Menurut Menteri Kesehatan Nafsiah Mboi, kondisi darurat medis memerlukan syarat pembuktian dari tim ahli. Sedangkan untuk kasus pemerkosaan,aborsi bisa dilakukan untuk janin yang umurnya kurang dari 40 hari.
Ketua Komnas Perlindungan Anak Arist Merdeka Sirait, misalnya, menuding PP itu bertentangan dengan UU No. 23 Tahun 2002 tentang Perlindungan Anak bahwa “negara harus melindungi anak-anak, termasuk yang masih dalam kandungan”. Sedangkan Ikatan Dokter Indonesia (IDI) menganggap PP bertentangan dengan Kitab Undang-Undang Hukum Pidana (KUHP) dan Kode Etik Kedokteran. “Kami tidak mau dipenjara karena KUHP yang mengharamkan aborsi masih berlaku,” kata Ketua IDI, Zaenal Abidin.
Sikap Gereja Katolik pun jelas: menolak aborsi.
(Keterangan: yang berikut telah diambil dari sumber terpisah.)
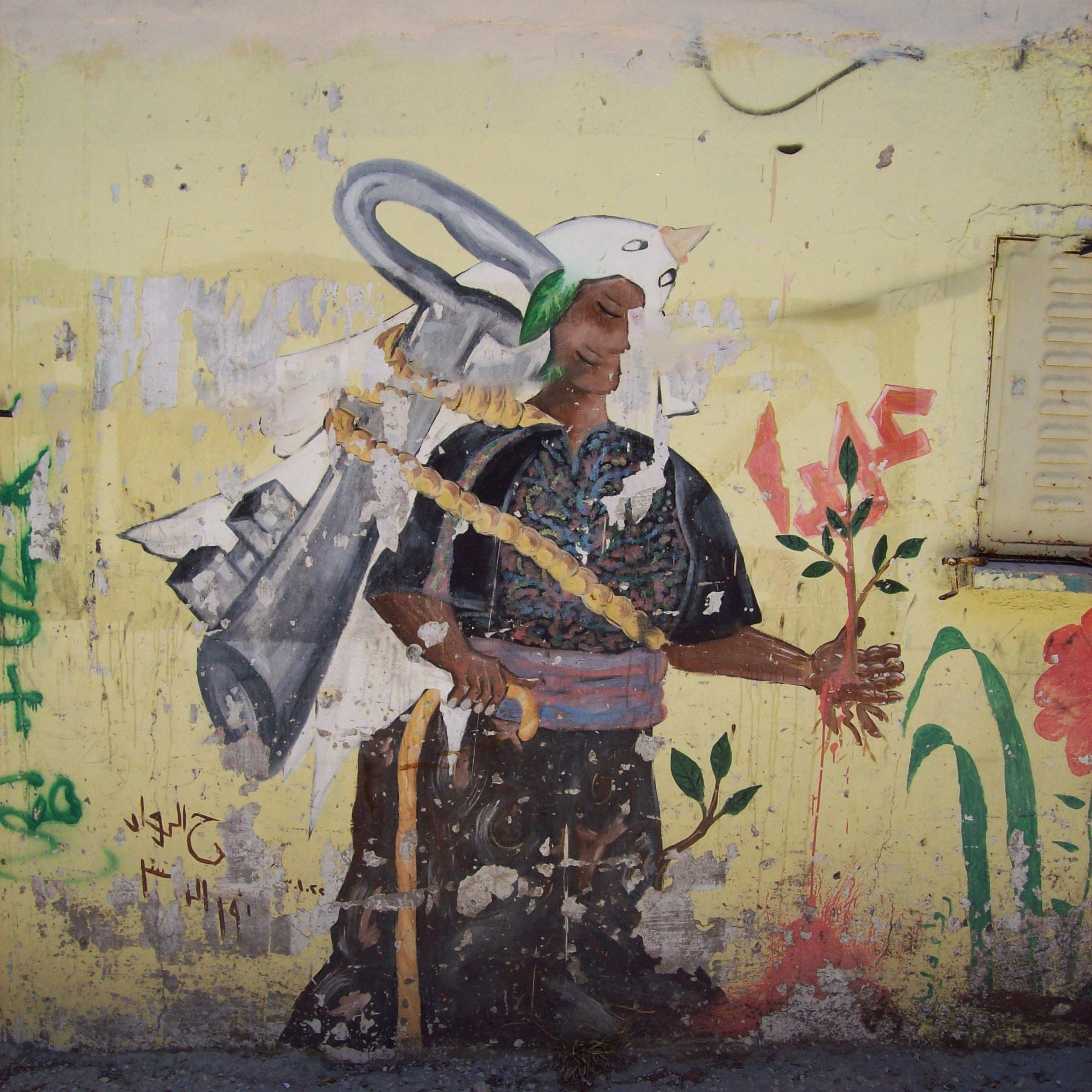 L'image montre une fresque sur un mur. On y voit un personnage portant un costume traditionnel, avec un air déterminé. Ce personnage tient une plante dans une main, symbolisant la vie et la nature. Sur son dos, on peut apercevoir une sorte d'outil ou d'équipement qui pourrait symboliser le travail ou un engagement envers la terre. Le fond est de couleur jaune, ce qui attire l'œil et met en avant le contraste avec les couleurs du personnage. Des inscriptions et des graffitis en arrière-plan ajoutent du caractère à l'œuvre.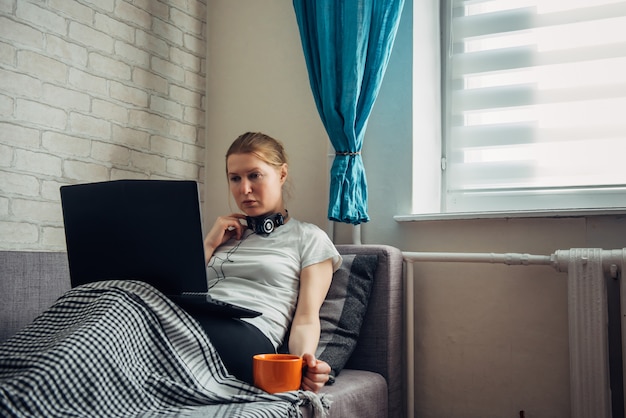 Young girl employee with laptop computer in self isolation working from home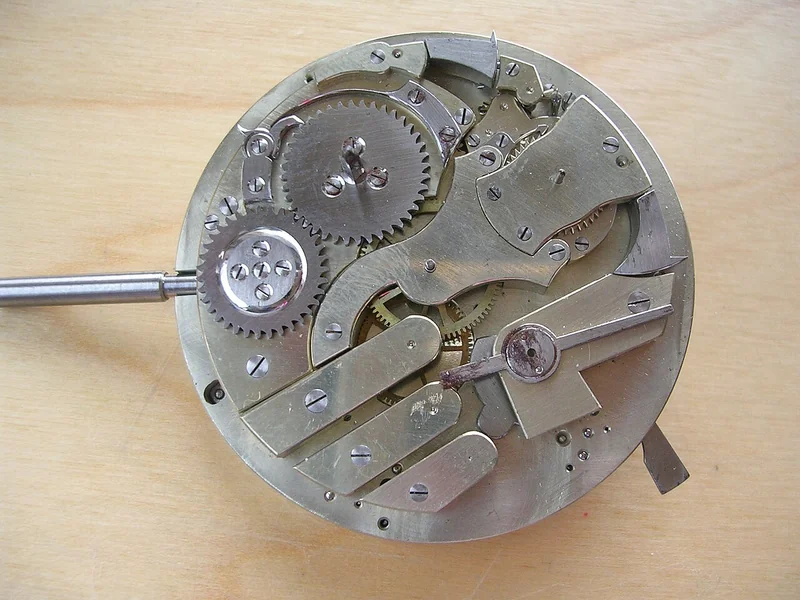 Open pocket watch showing the rack-and-snail minute repeater mechanism with gong hammers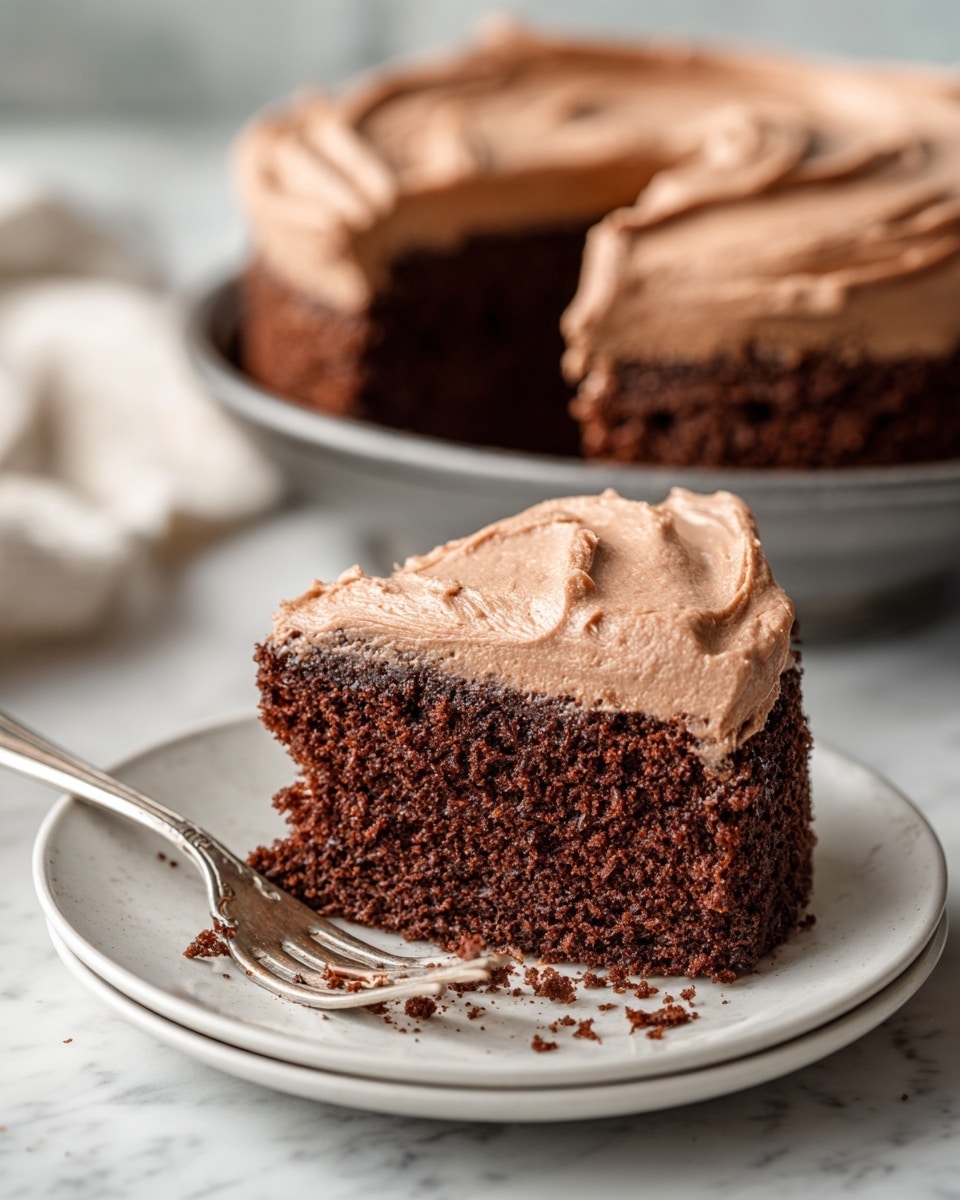 A piece of dark brown chocolate cake with a thick, smooth layer of light brown chocolate frosting on top sits on a white plate with a raised edge. The cake looks moist and soft with a slightly crumbly texture, and a bite has been taken out to show the inside. Next to the cake piece, a silver fork holds a small chunk of the cake with some frosting. In the background, there is a large square metal baking pan filled with more chocolate cake, resting on a surface with a white marbled texture. photo taken with an iphone --ar 4:5 --v 7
Katekismus Gereja Katolik nomor 2270-2279 meringkas ajaran Gereja tentang aborsi itu: “Hidup manusia haruslah dihormati dan dilindungi secara absolut sejak dari saat pembuahan. Sejak saat pertama keberadaannya, seorang manusia haruslah diakui bahwa dia mempunyai hak sebagai seorang pribadi, di antaranya adalah hak untuk hidup, yang merupakan hak yang tidak bisa diganggu- gugat bagi orang yang tak bersalah.”
Paus Fransiskus dalam berbagai kesempatan selalu mengecam keras tindakan aborsi sebagai hal yang “mengerikan” karena merendahkan nilai kehidupan manusia. Saat berkunjung ke Korea Selatan bulan lalu, Bapa Suci mengunjungi makam bayi-bayi korban aborsi dan berdoa.
Kita, sebagai orang Katolik, pasti juga tidak sepakat dengan pelegalan aborsi itu. Apa langkah kita?